** Goal of the exercise **
Only the lines below between the one holding "Chandelier: Decorbites black" and the one holding "Close-up of gold", inclusive, are to be reproduced word for word; the pictures are to be left out.

** Given data **
━━━━━━━━━━━━━━━━

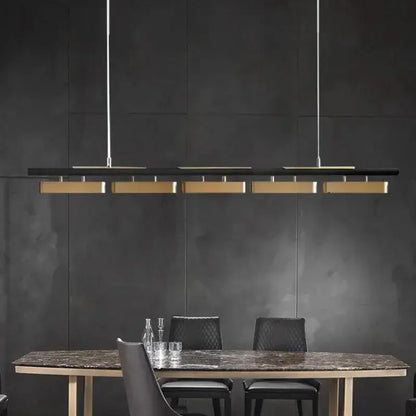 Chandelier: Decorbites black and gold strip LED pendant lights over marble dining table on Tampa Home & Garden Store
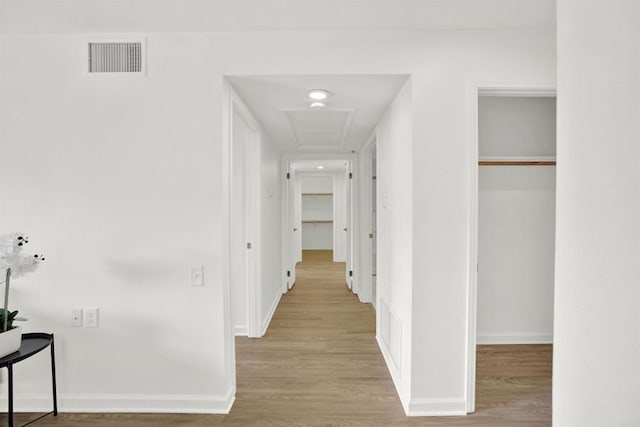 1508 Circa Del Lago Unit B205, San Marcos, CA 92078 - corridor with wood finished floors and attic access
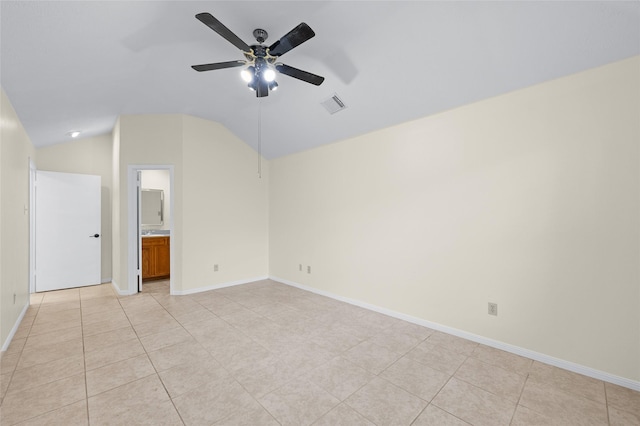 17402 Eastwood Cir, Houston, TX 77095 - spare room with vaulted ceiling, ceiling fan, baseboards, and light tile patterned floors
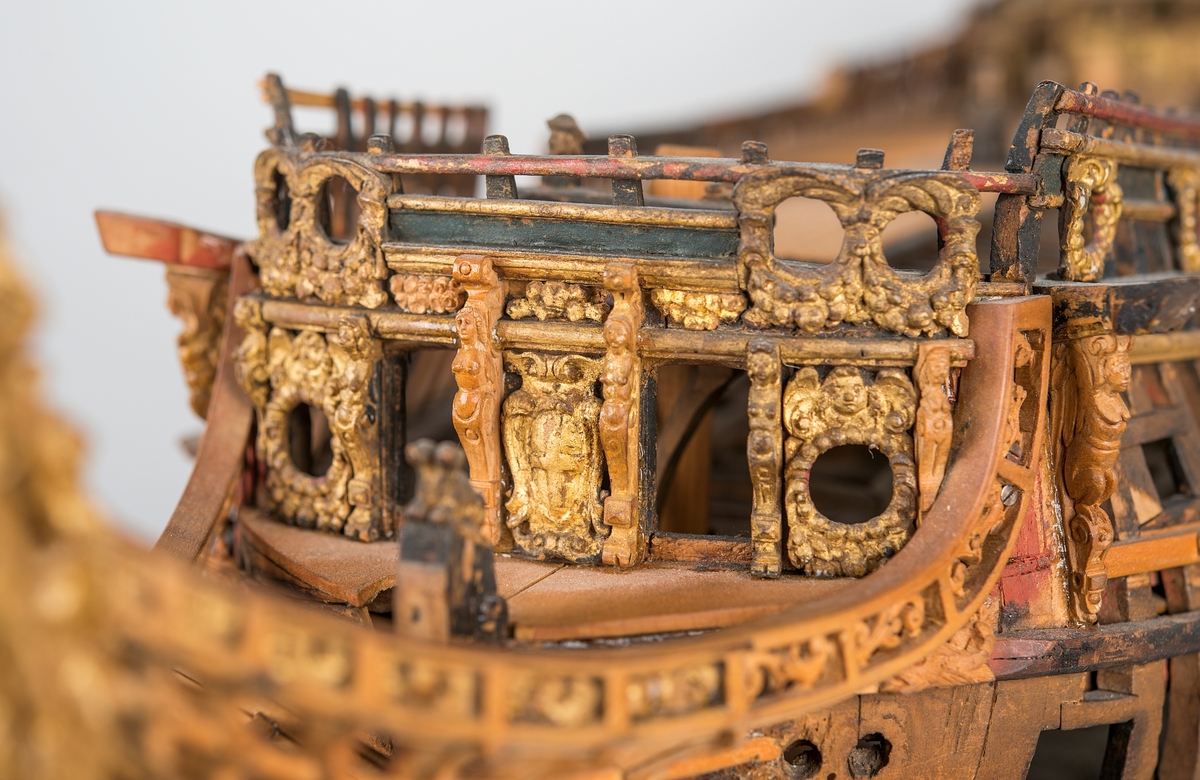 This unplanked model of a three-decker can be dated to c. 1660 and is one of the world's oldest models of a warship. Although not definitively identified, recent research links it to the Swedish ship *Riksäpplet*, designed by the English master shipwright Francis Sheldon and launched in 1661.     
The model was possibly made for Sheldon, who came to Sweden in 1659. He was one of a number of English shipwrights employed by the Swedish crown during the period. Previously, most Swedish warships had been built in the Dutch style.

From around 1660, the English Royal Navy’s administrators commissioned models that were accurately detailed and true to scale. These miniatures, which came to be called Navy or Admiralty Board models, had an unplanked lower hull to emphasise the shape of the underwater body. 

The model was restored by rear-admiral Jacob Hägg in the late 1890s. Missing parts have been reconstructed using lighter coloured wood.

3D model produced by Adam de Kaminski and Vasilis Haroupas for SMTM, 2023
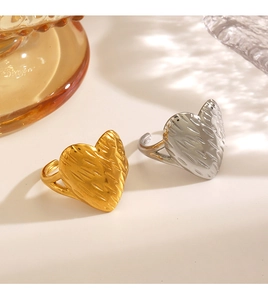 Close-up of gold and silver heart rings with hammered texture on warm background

━━━━━━━━━━━━━━━━

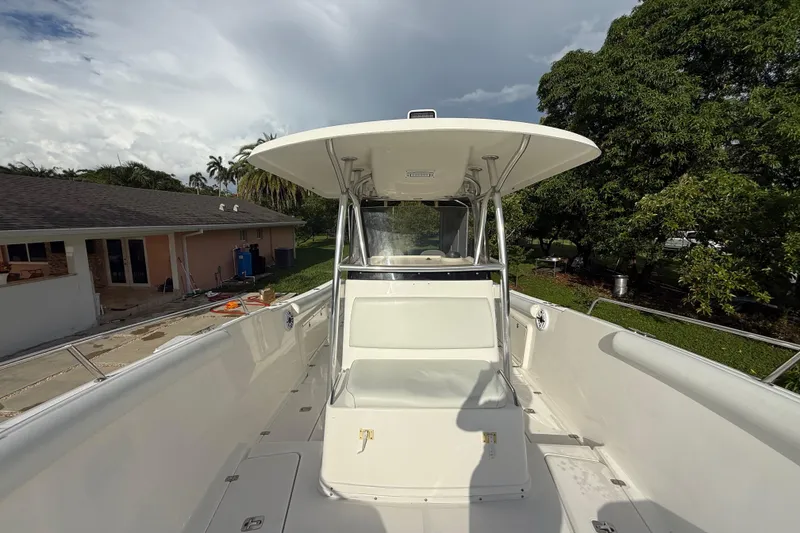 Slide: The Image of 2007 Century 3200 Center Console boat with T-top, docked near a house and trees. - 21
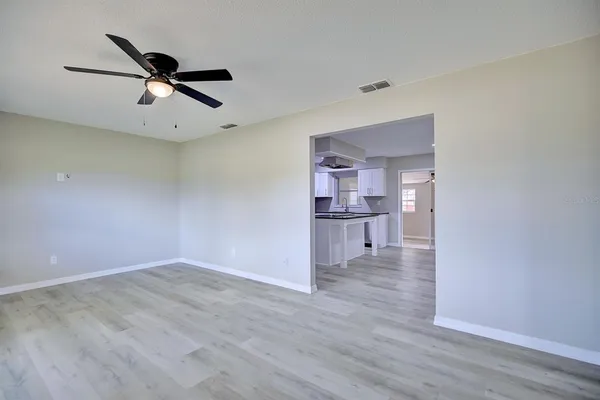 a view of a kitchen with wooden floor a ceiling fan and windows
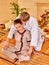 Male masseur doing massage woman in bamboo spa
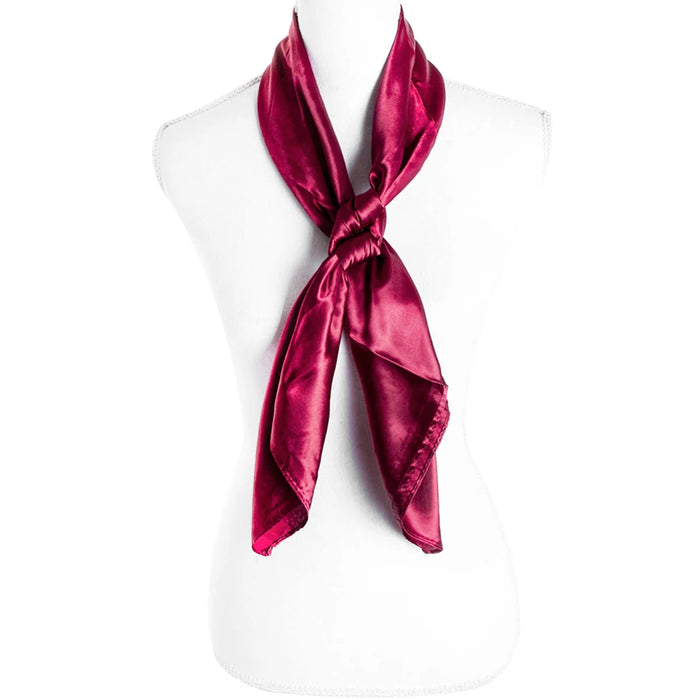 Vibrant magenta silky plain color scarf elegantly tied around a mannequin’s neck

━━━━━━━━━━━━━━━━

** Answer space **
 Chandelier: Decorbites black and gold strip LED pendant lights over marble dining table on Tampa Home & Garden Store
 1508 Circa Del Lago Unit B205, San Marcos, CA 92078 - corridor with wood finished floors and attic access
 17402 Eastwood Cir, Houston, TX 77095 - spare room with vaulted ceiling, ceiling fan, baseboards, and light tile patterned floors
 This unplanked model of a three-decker can be dated to c. 1660 and is one of the world's oldest models of a warship. Although not definitively identified, recent research links it to the Swedish ship *Riksäpplet*, designed by the English master shipwright Francis Sheldon and launched in 1661.     
The model was possibly made for Sheldon, who came to Sweden in 1659. He was one of a number of English shipwrights employed by the Swedish crown during the period. Previously, most Swedish warships had been built in the Dutch style.

From around 1660, the English Royal Navy’s administrators commissioned models that were accurately detailed and true to scale. These miniatures, which came to be called Navy or Admiralty Board models, had an unplanked lower hull to emphasise the shape of the underwater body. 

The model was restored by rear-admiral Jacob Hägg in the late 1890s. Missing parts have been reconstructed using lighter coloured wood.

3D model produced by Adam de Kaminski and Vasilis Haroupas for SMTM, 2023
 Close-up of gold and silver heart rings with hammered texture on warm background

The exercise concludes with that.